What are DA2 and MA franchises?

Dragon Age 2 and Mass Effect (ME) games published by Electronic Arts and made by Bioware game designers.

1 Like

I’m ashamed I didn’t get that.

3 Likes

As you should be! :stuck_out_tongue_winking_eye:

But yeah, I think @kaos is on point. There’s nothing more frustrating than wanting to react a certain way and not being able to due to personality stats. Even super nice people can get irate or lash out under the proper circumstances, just as someone who’s normally nasty can be nice and sweet.

I like seeing my personality stats adjust of course, but I think their use in game should be primarily in affecting NPC responses and impressions of the player. For example, maybe you’re always lying and have a low honesty score. You can still choose to tell the truth, but whoever you’re talking to will be less likely to believe you. Conversely, someone who’s always honest would be believed. (I realize that another way to interpret that high honesty score would be that the MC is bad at lying, but I think that would require not an honesty stat but some kind of speech or deception skill. Similar, but different)

7 Likes

Basically this. I was just too bad at describing it. xD Sorry.

1 Like

I prefer players to define and role-play their own character without a reliance upon any stats. I’m a big fan of introducing fake choices in minor interactions to allow for the player to decide how they interact and respond to people at the micro-level (ie, the level of banal conversation, questioning, and small-talk); that allows for them to decide what character they want to play and gives them a bit of flavour without doing a load of convoluted branching.

For the macro-level, I use a lot of true and false variables to track the history of the player’s activities and relationships. Without trying to straightjacket the player, I also try to let what the player chooses to subtly influence some text they receive in the future. For example, if the player chose a dialogue option in a more significant interaction that involved them stammering when placed under pressure, I will refer to them blushing and feeling their speech grow pressured in several future encounters. If they keep doing this, it will be noticed and remarked upon by other characters (and may open up or close other options).

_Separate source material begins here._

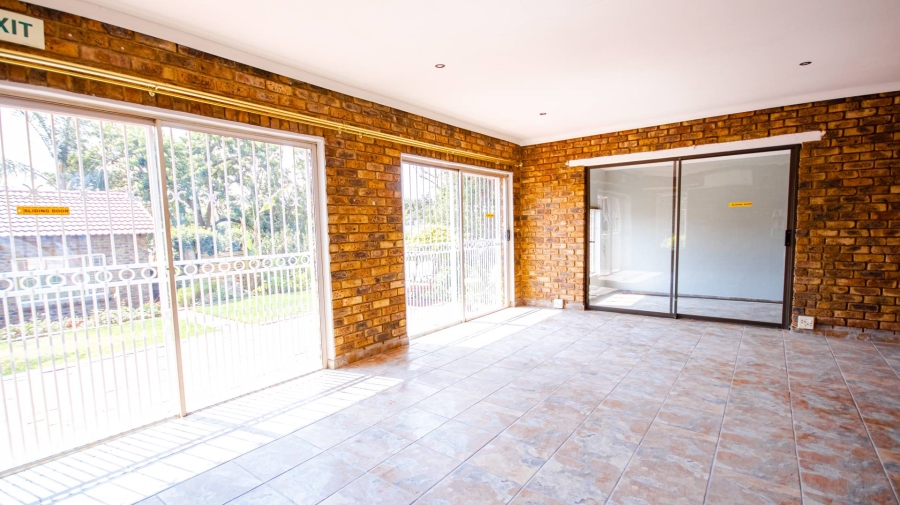 To Let 5 Bedroom Property for Rent in Garsfontein Gauteng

This avoids stats and its sad constraint upon roleplaying whilst still allowing for some branching of the story.

9 Likes

Thank you for your responses so far guys :blush:

Fair play :slightly_smiling_face:

You are making sense, don’t worry - and that’s what I’m planning to do, the stats are less to affect what you can say and more how other characters respond to you. Personally, I like seeing all variables my character is described by the game - not everyone will though, it might break immersion and I’m still unsure how it will affect choices, it’s a flavour feature for now. I guess I could hide the sheet, and those who wanted to could dig in.

Yesss, stats are so much easier and I can view them anytime.

A reputation stat and a speech skill :slight_smile: doable but I think it would work best for rpgs that involve a group of people or entire countries/cities. Baldur’s Gate 2 had a reputation stat but it was simplistic - you got a number that was based on the amount of good/bad things you did. Nothing sophisticated as what you are known for or known to be like.

I agree I’m not going to add automatic players responses, other than the dialogue they get to choose. It would even be possible to input text with keywords recognized by npcs, but that sounds like a nightmare to make and the only games that played with that still made it feel as if you had to say something pre-determined, it’s defeating the purpose unless you keyword dictionary.
I like your explanation on how to avoid rp constraint :slightly_smiling_face:

2 Likes

How about a stat percentage that alters the narrative after passing a “check” for a specific number? I find that to be something worth exploring.